Closed offchan42 closed 5 years ago
The implementation you mentioned is probably faster, since it does the decoding with TensorFlow and not with NumPy. It should also work to use the decoder layer in my implementation.
In your case, I would recommend a custom architecture. Separable convolution is a good starting point. Also reducing the depth of the architecture should make it faster, since depth can not be parallelized. Reducing the number of features should also be taken in consideration. Both may affect performance and require training from scratch.
Which implementation do you use is up to you...
It seems that SSD7 from the other repo is lightweight enough that I can configure it to fit my needs. The only concern left is to test speed on mobile.
I was curious and implemented the SSD7 model from keras_ssd7.py
from tensorflow.keras.models import Model
from tensorflow.keras.layers import Input, Conv2D, BatchNormalization, Activation, MaxPooling2D
from ssd_model import multibox_head
def SSD7(input_shape=(128, 128, 3), num_classes=2, softmax=True):
source_layers = []
x = input_tensor = Input(shape=input_shape)
x = Conv2D(32, 5, strides=1, padding='same', kernel_initializer='he_normal')(x)
x = BatchNormalization(axis=3, momentum=0.99)(x)
x = Activation('elu')(x)
source_layers.append(x)
x = MaxPooling2D(pool_size=2)(x)
x = Conv2D(48, 3, strides=1, padding='same', kernel_initializer='he_normal')(x)
x = BatchNormalization(axis=3, momentum=0.99)(x)
x = Activation('elu')(x)
source_layers.append(x)
x = MaxPooling2D(pool_size=2)(x)
x = Conv2D(64, 3, strides=1, padding='same', kernel_initializer='he_normal')(x)
x = BatchNormalization(axis=3, momentum=0.99)(x)
x = Activation('elu')(x)
source_layers.append(x)
x = MaxPooling2D(pool_size=2)(x)
x = Conv2D(64, 3, strides=1, padding='same', kernel_initializer='he_normal')(x)

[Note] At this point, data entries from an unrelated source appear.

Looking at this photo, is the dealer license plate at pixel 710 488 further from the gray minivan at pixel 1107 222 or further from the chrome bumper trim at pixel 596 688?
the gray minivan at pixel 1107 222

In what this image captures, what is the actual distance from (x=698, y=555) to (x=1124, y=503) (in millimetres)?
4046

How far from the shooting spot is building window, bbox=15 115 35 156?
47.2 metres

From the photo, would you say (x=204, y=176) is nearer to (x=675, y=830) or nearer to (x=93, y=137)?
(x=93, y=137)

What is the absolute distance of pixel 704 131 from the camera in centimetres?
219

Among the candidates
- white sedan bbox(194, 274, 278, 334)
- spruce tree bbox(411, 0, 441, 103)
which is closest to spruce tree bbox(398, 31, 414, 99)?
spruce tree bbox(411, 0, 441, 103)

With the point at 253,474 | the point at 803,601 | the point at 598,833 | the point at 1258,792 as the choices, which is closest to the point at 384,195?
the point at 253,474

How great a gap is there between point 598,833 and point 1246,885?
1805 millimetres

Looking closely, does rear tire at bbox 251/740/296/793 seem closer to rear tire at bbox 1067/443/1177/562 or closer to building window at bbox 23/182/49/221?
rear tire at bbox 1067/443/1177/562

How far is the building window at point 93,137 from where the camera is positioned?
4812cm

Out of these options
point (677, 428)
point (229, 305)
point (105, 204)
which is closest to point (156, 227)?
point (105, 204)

x = BatchNormalization(axis=3, momentum=0.99)(x)
x = Activation('elu')(x)
source_layers.append(x)
x = MaxPooling2D(pool_size=2)(x)
x = Conv2D(48, 3, strides=1, padding='same', kernel_initializer='he_normal')(x)

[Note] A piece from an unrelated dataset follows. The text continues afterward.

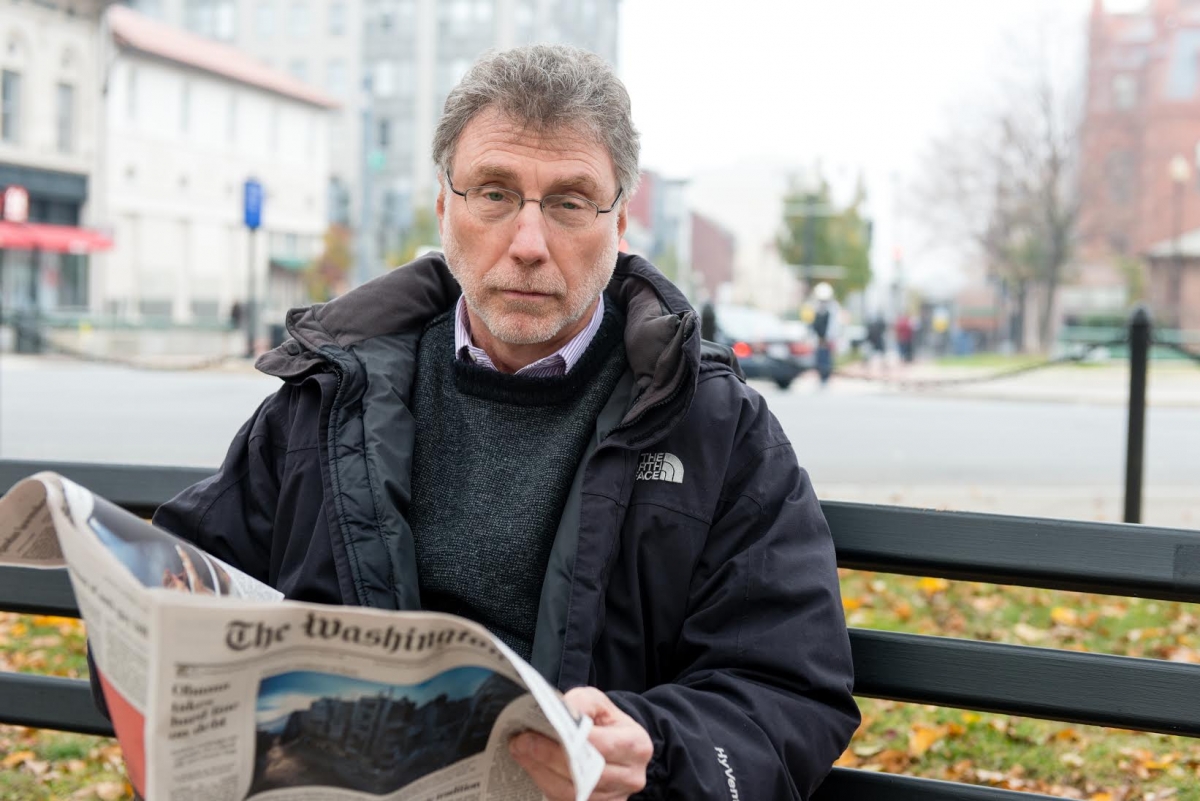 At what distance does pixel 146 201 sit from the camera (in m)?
45.2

x = BatchNormalization(axis=3, momentum=0.99)(x)
x = Activation('elu')(x)
source_layers.append(x)
x = MaxPooling2D(pool_size=2)(x)
x = Conv2D(48, 3, strides=1, padding='same', kernel_initializer='he_normal')(x)
x = BatchNormalization(axis=3, momentum=0.99)(x)
x = Activation('elu')(x)
source_layers.append(x)
x = MaxPooling2D(pool_size=2)(x)
x = Conv2D(32, 3, strides=1, padding='same', kernel_initializer='he_normal')(x)
x = BatchNormalization(axis=3, momentum=0.99)(x)
x = Activation('elu')(x)
source_layers.append(x)
num_priors = [3] * 7
normalizations = [-1] * 7
output_tensor = multibox_head(source_layers, num_priors, num_classes, normalizations, softmax)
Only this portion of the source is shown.